-- Material for the task follows --

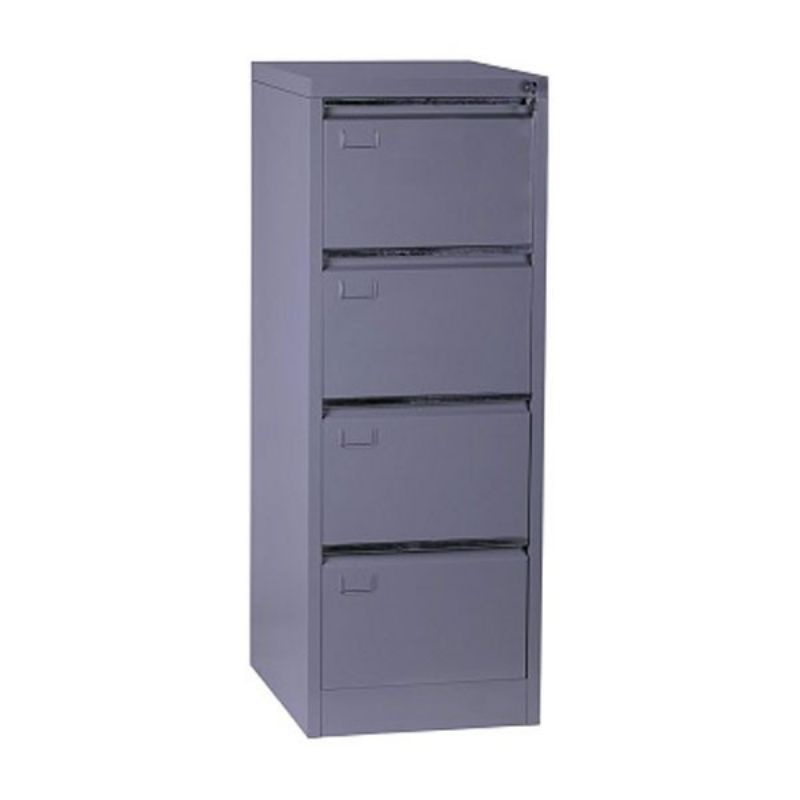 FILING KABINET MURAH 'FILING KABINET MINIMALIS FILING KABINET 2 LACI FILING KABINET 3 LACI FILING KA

-- Material for the task concluded --
-- Material for the task follows --

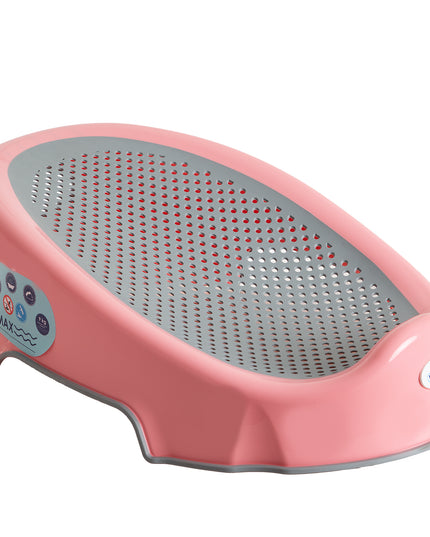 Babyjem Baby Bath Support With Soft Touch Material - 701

-- Material for the task concluded --
-- Material for the task follows --

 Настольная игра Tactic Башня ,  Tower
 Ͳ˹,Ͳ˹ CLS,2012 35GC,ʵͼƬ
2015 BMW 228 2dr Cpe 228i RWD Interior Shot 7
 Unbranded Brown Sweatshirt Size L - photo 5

-- Material for the task concluded --

Work to be completed
Could you set down, word for word, only the lines above from the line with "Настольная игра Tactic" to the line with "Unbranded Brown Sweatshirt Size L - photo 5", including both?

Written answer
 Настольная игра Tactic Башня ,  Tower
 Ͳ˹,Ͳ˹ CLS,2012 35GC,ʵͼƬ
2015 BMW 228 2dr Cpe 228i RWD Interior Shot 7
 Unbranded Brown Sweatshirt Size L - photo 5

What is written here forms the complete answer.